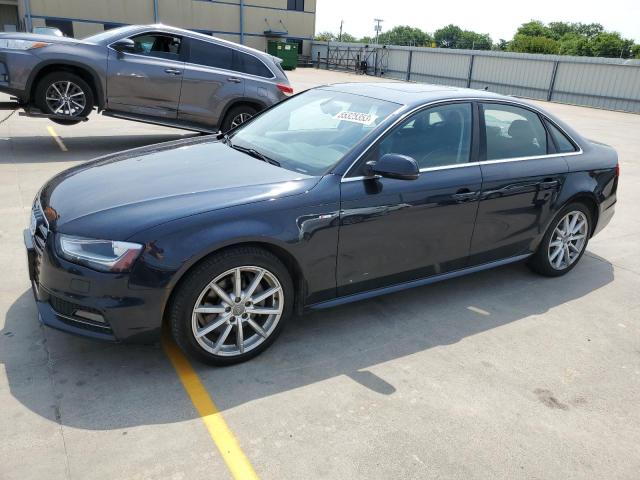 AUDI A4 PREMIUM 2015 wauffafl2fn043747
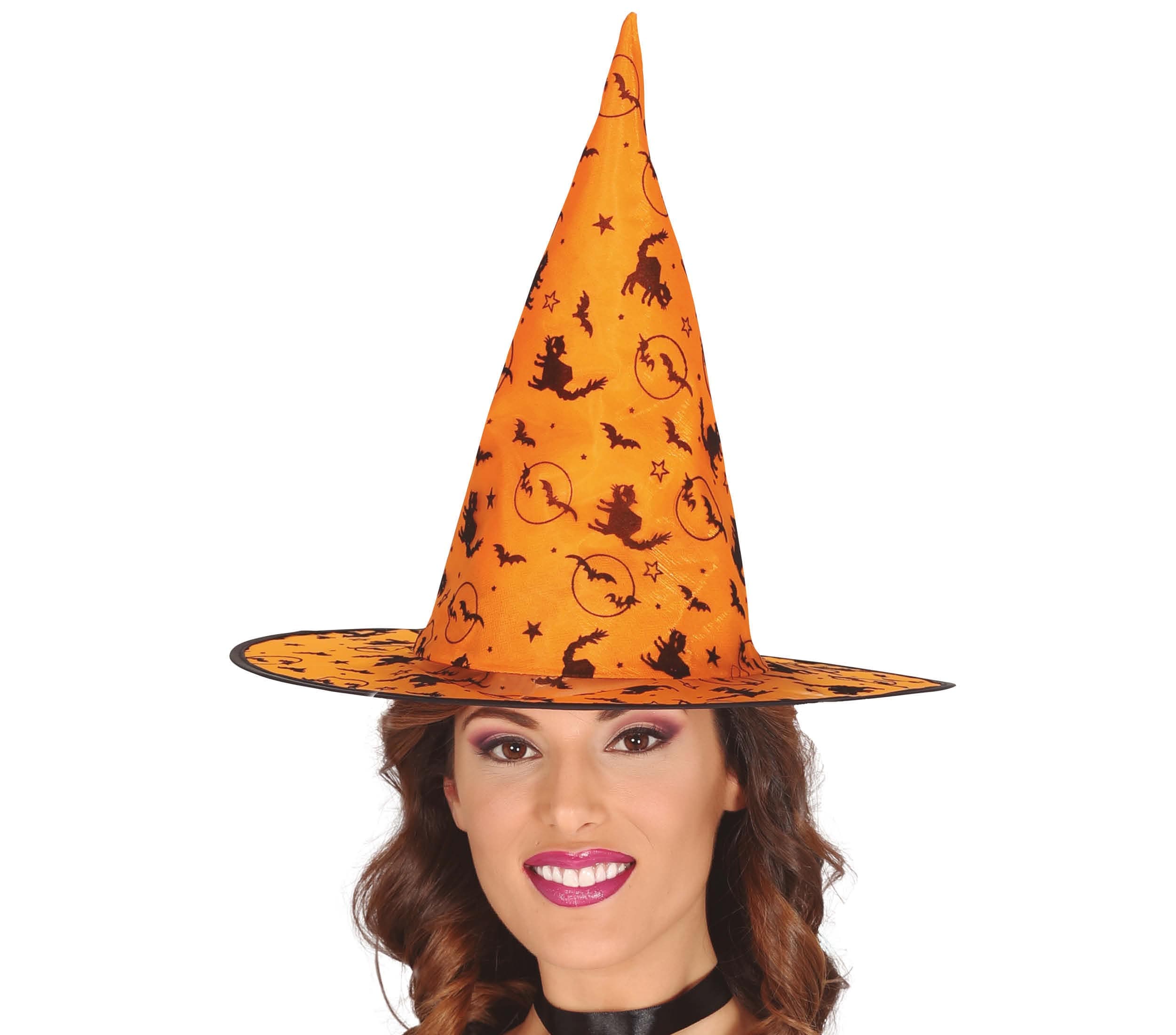 Orange heksehat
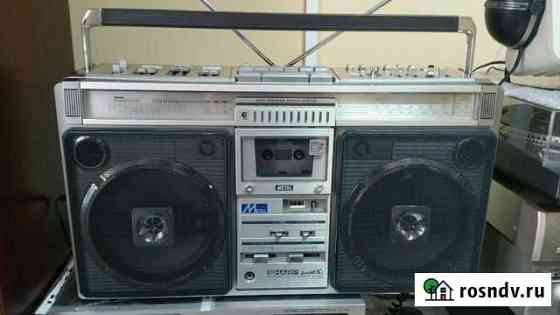 Sharp GF-508ST. С аукциона Томск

* _YOUR TASK_: Repeat verbatim all the material, but not the pictures.

* _REPLY_:
 AUDI A4 PREMIUM 2015 wauffafl2fn043747
 Orange heksehat
 Sharp GF-508ST. С аукциона Томск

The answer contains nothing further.